ChIP-seq data were analyzed with Galaxy47. The quality of raw reads was checked using FastQC (version. 0.11.9), and adapters were removed with fastp48. Trimmed raw reads were aligned to the Drosophila genome (dm6) using Bowtie249. Unmapped and low-quality reads were discarded (< = 20 mapQuality) using BamTools50. Duplicate reads were identified and removed from mapped reads using Picard MarkDuplicates (http://broadinstitute.github.io/picard). MACS251 was used to call peaks against control (Input or negative control, depending from the dataset) using default settings. Peaks were annotated to genomic features with ChIPseeker 52. Pairwise correlation of peaks was determined using Intervene53. MACS2 bedGraph pileups were used to generate normalized coverage of ChIP-seq signals using Deeptools bigWigCompare by computing the ratio of the signals (IP vs.

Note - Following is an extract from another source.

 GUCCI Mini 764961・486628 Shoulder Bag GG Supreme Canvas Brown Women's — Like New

Control/Input) using a 50 bp bin size. Deeptools multiBigwigSummary and plotCorrelation54 were used to determine genome-wide signal correlation using a 10 kb bin size. Deeptools computematrix Deeptools plotHeatmap54 was used with a 50 bp bin size to create enrichment profiles around peak centers (± 1 kb) in reference mode, or in a 2 kb scale region mode from transcription start site (TSS) to transcription end site (TES) to create enrichment profiles along the genes. Scale region mode also included the 1 kb flanking regions before TSS and after TES.

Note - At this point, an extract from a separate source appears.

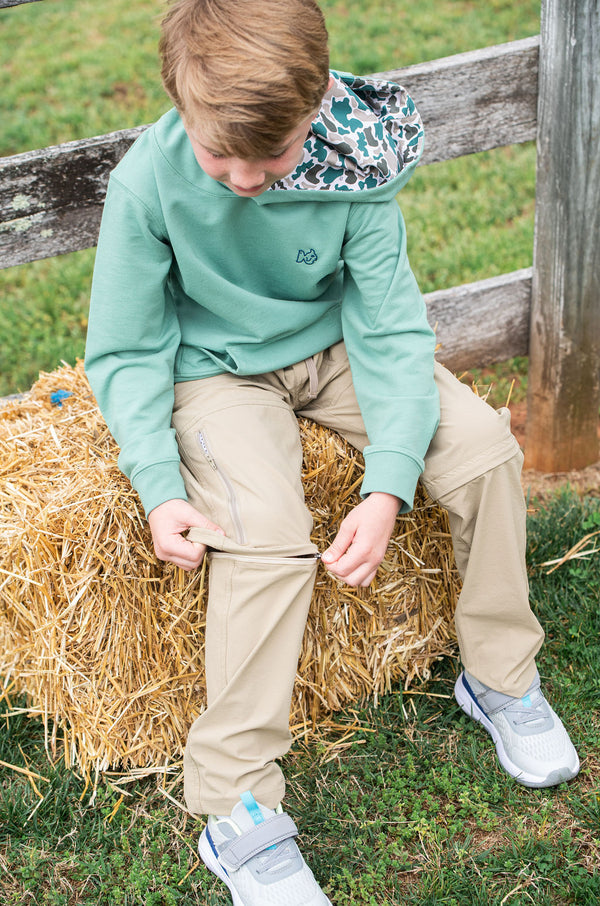Zip Off Cargo Pant- Trench Coat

Gene ontology (GO) terms were determined using g:profiler55. The list of Drosophila transcription factors was obtained from Flybase56 (Gene Ontology “DNA-binding transcription factor activity”). Time-course heatmap was generated with heamap2 after computing z-scores and performing an Euclidian clustering. Gene set of a specific GO-term were retrieved from AmiGO database57,58.